LNAre there other inspirations beyond the azulejos?
AVIn studying Chinese Song pottery of the eleventh century, I became fascinated by its characteristic surface cracks and the related philosophy. It is in these cracks that Chinese writing actually originates. It was oracular; at first people tried to codify the cracks in turtle shells. This is how the first Chinese pictograms came about. An entire aesthetic evolved from reading meaning into cracks, slowly becoming its own culture.
Inspired by this, I began by using thick layers of oil paint, then I started adding mass to simulate the quality of a cracked tile, working with slow-drying plaster and experimenting over time to achieve a cracked surface.
LNIn your paintings, the cracks in a tile become something very physical, almost geological.
AVYes, I developed this elaborate process of construction to provoke incidents, mapping the passage of time.
LNHow long does it take for the surface to dry?
AVUp to one month. And I never know exactly how the surface will crack. It is fascinating, like the hand of an invisible artist at work—the same hand that makes the lines in your hand, the roots of the trees, lightning in the sky.
LNAnd then what?
AVWhen I achieve a very good cracked surface, I need to find the right image to use with it. It is in the empty spaces between these cracks where I can work with images or figures.
LNSo it’s a bit like film montage?
AVIt’s a natural order (process) in dialogue with a cultural or an artificial order (images). Two different “bodies” occupying the same space—the internal surfaces in ochre with the blue-and-white painted surface; or, in the case of my sculptures, the gridded surface that simulates tiles with the inner “flesh.”
LNAnd so once you have the ground of the painting prepared, what is the next step?

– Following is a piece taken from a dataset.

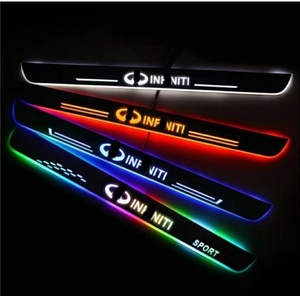 インフィニティ車モデル車のドア敷居プレート有線<span class=keywords><strong>LED</strong></span>カスタムドア敷居キックプレート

AVI have to choose the image. In my constant and ongoing research in Portugal and Brazil on azulejos, working with the same photographer over many years, Vicente de Mello, I visit churches and architectural sites, or consult repertories of tile fragments. Over fifteen years, I have amassed a vast archive of tile images. In the case of this exhibition, I chose each image for its abstract qualities. It is important to remember that, originally, each tile is a small fragment of a much larger representational scene.
LNAre the visual references of tile details that you worked from for the Rome paintings all from the same historical period and place?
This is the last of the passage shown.